**SOURCE INFORMATION**
· · ·
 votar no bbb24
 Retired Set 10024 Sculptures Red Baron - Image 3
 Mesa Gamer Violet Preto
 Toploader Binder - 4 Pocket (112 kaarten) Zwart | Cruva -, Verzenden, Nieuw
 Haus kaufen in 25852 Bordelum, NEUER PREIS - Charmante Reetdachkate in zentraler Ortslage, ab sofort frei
· · ·
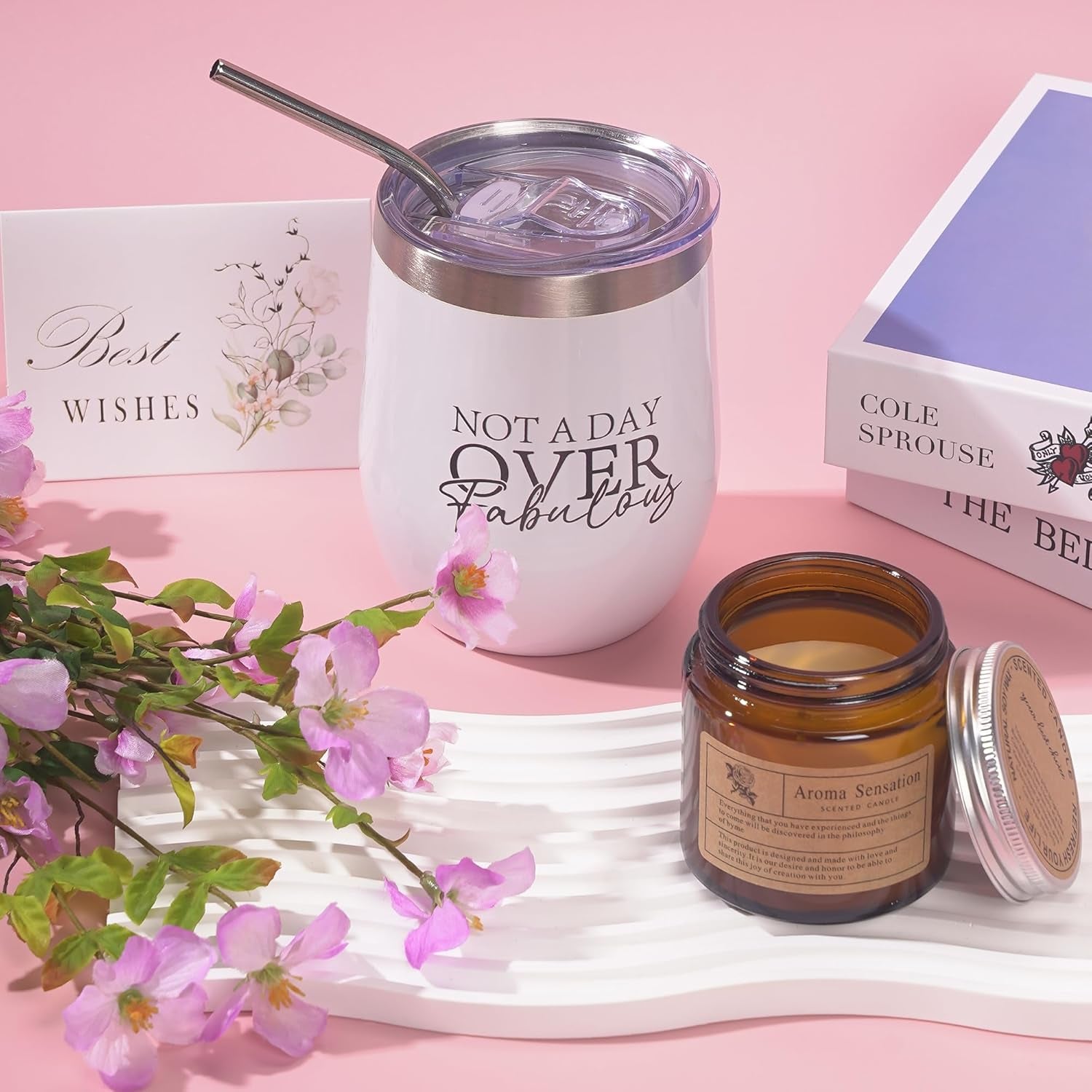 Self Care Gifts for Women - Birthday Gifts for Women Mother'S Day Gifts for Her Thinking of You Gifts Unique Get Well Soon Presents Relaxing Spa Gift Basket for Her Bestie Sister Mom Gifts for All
· · ·
**WHAT IS NEEDED**
Take exactly the lines from the one containing "votar no bbb24" through the one containing "Haus kaufen in" in the data above, and output them with nothing added.

**ANSWER BELOW**
 votar no bbb24
 Retired Set 10024 Sculptures Red Baron - Image 3
 Mesa Gamer Violet Preto
 Toploader Binder - 4 Pocket (112 kaarten) Zwart | Cruva -, Verzenden, Nieuw
 Haus kaufen in 25852 Bordelum, NEUER PREIS - Charmante Reetdachkate in zentraler Ortslage, ab sofort frei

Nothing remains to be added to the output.